INTERVIEW – Tareq Oubrou, imam de Bordeaux, s’exprime dans le JDD après les attentats qui ont ensanglanté la capitale.
En tant que responsable religieux comment réagissez-vous aux massacres de vendredi à Paris?
Ma première réaction est celle d’un citoyen, et c’est l’effroi et la consternation qui m’assaillent. Ensuite, du point de vue religieux, la position de l’islam est très claire : ces meurtres appellent à une triple condamnation – éthique, juridique et théologique. Éthique parce qu’aucune morale ne donne l’autorisation de tuer des innocents. Juridique parce que ces actes ne respectent pas la guerre telle qu’elle est dictée dans la tradition musulmane. Théologique, enfin, parce que ces kamikazes sont persuadés qu’ils iront au paradis alors qu’ils risquent davantage de se retrouver en enfer.
Pensez-vous pouvoir être entendu sur ces questions aujourd’hui?

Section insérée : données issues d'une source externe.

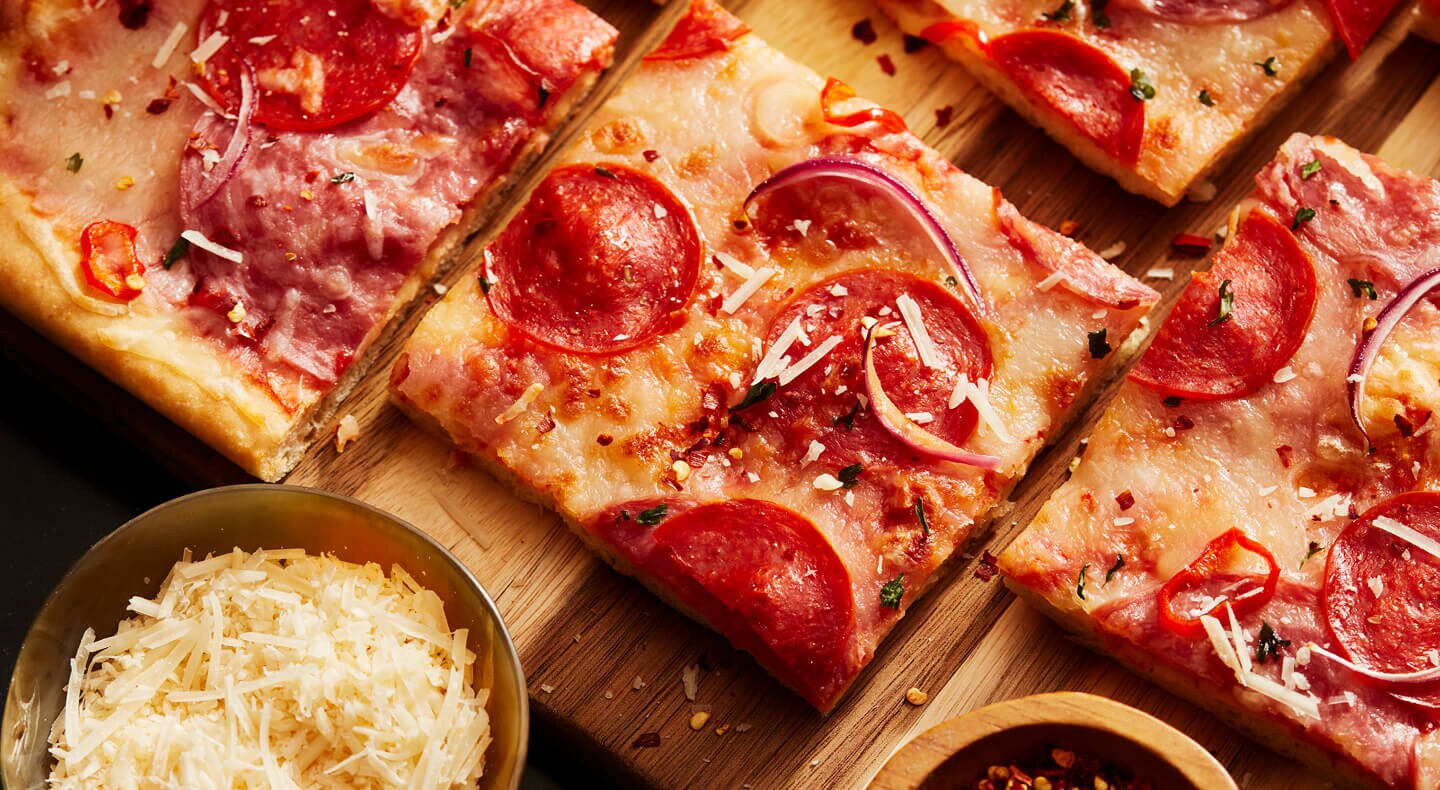 A pizza cut in squares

Ces thèmes sont déjà engagés au niveau politique. Mais les réponses pour l’instant ne sont pas à la hauteur : elles ne s’attaquent qu’aux symptômes sans s’attaquer aux causes de la crise sociétale que nous traversons. Sur ce thème, il faut aussi aborder la responsabilité des imams et des responsables musulmans. Les institutions musulmanes doivent parler, se manifester. D’ailleurs, elles ont toutes fait des communiqués pour condamner ce qui s’est passé.
Est-ce suffisant?
C’est nécessaire mais pas suffisant. Les musulmans doivent aussi se manifester pour dire stop, pour dire qu’on n’accepte pas ces actions au nom de notre religion. Cela passe par la responsabilisation des musulmans en tant que citoyen. C’est ce que nous essayons de faire dans nos prêches et nos conférences. De ne pas rester dans la passivité, de participer aux débats. De ne pas laisser ces gens-là confisquer leur religion.